I found a list of ten things in an old notebook from last New Year's Day which I promised myself I would complete in 2008. I've been able to tick one of them off. ONE. How depressing. And that one thing was to start a blog. At least I've kept it up, I suppose. So, this year, I hope I'm setting myself achievable targets and the fact that I've written them down publicly should mean they're easier to track (and have people bug me about).

  1. To cook something new each week. I love tinkering in the kitchen, and am now armed with an head full of ideas thanks to all my recipe books from Christmas, so in theory this shouldn't be too hard. Famous last words.
  2. Keep in touch better with all my friends and family. I'm rubbish at it in general. Facebook is good for getting an overview of what everyone is doing, but it's no substitute for the real thing. This year I promise to meet up with people more.
  3. Eat healthier. No dieting (yeech, if ever there was a surefire way to put on weight, it's to mention the 'd' word), just eating better in general and taking lunches to work etc. instead of slinking off to the cafe every day and spending a fortune in the process.

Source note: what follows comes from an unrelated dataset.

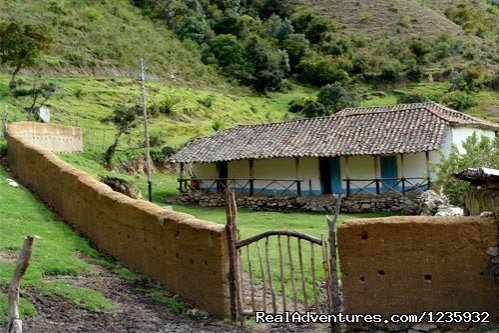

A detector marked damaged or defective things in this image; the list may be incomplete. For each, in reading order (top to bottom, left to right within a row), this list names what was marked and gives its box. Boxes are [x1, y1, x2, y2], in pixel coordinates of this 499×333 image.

rusty metal gate [225, 191, 342, 326] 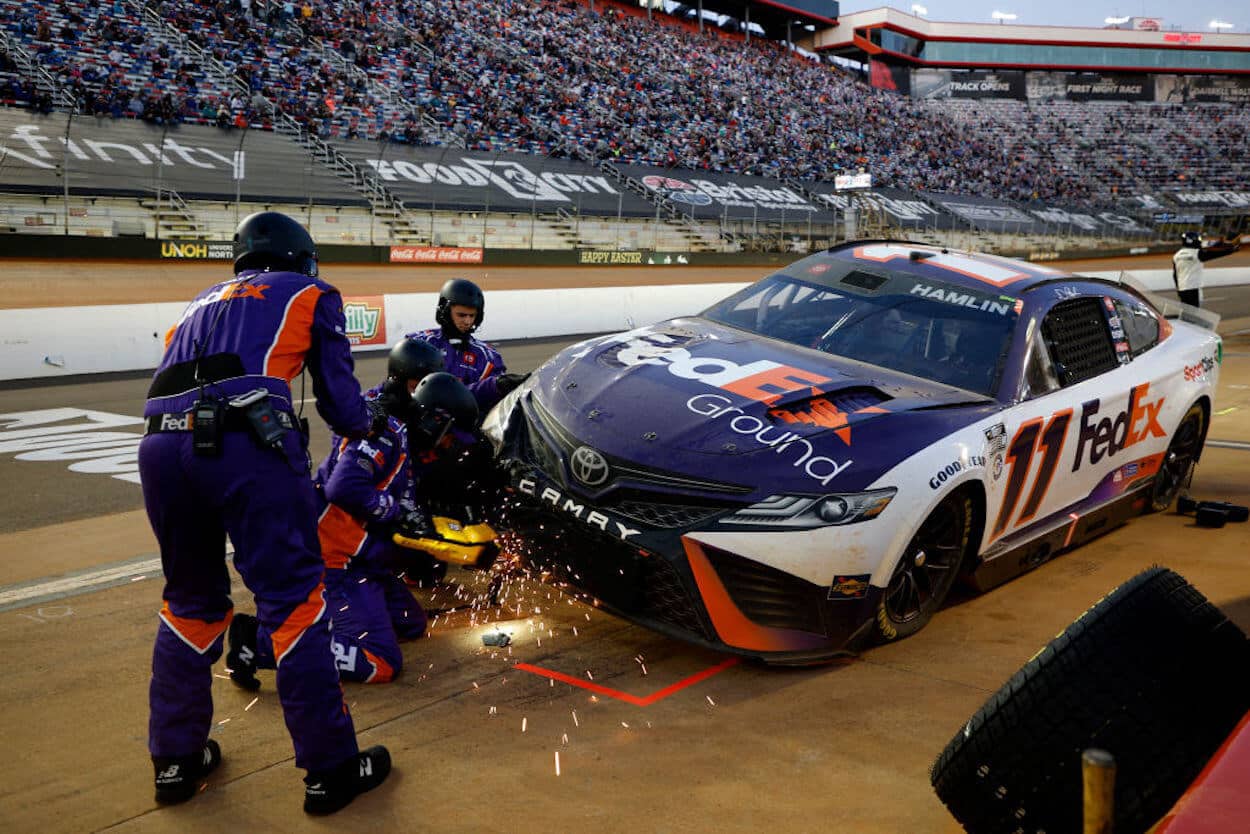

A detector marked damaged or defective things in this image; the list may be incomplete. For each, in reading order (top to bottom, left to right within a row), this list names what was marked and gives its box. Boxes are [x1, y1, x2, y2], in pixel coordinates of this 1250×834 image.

  4. Decorate my bedroom. We've lived in this house for well over a year now, and things are starting to feel more like home. The living room certainly does since we've redecorated. However, the bedroom does not. I am not a beige person and this needs to be rectified.
  5. Make more of an effort with clothes. I always feel like a grotty student at work (even though I haven't been one for three years now) and need to invest in nicer work apparel. I feel the need for some posh shoes and underwear too. the only trouble is, I hate shopping.
  6. Get organised. I have no idea what's in some of my cupboards at home. Likewise I have a lot of crap that I could pack off to a car boot sale/charity shop. Also, if I'm organised in my home - it might rub off in my life. I am constantly late for everything and it sickens me!
  7. Enjoy Sundays. Instead of whinging about how boring they are and setting myself up with horrible Sunday night feelings before work on a Monday - actually do more with them. Spend some time with The Other Half. Go out for walks. Do things. Go new places.
  8. Join in with something. Start a course - maybe pick up a language I left after GCSE, or do sign language. Or first aid. Anything. Take up a hobby or find more time for the hobbies I do have but never get around to. I feel this might be a good way to ease stress, too.
  9. Write my ideas down. My head is jam-packed with ideas for all sorts of things like trivia books, short stories, full novels - but they're all jumbled up. I need to have a notebook on me at all time to write down weird dreams, funny turns of phrase, anecdotes and the like.
  10. Read more. I've been better at this over the last year - I'm getting into a routine of reading a little bit each night. I also want to start a marathon movie-watching session with The Other Half - doing the A-Z of our DVD collection. That could take all year.
And there you have it. Achievable, I think. At least I don't have to wean myself off anything horrible like cigarettes...although weaning yourself of Christmas chocolate is a bummer.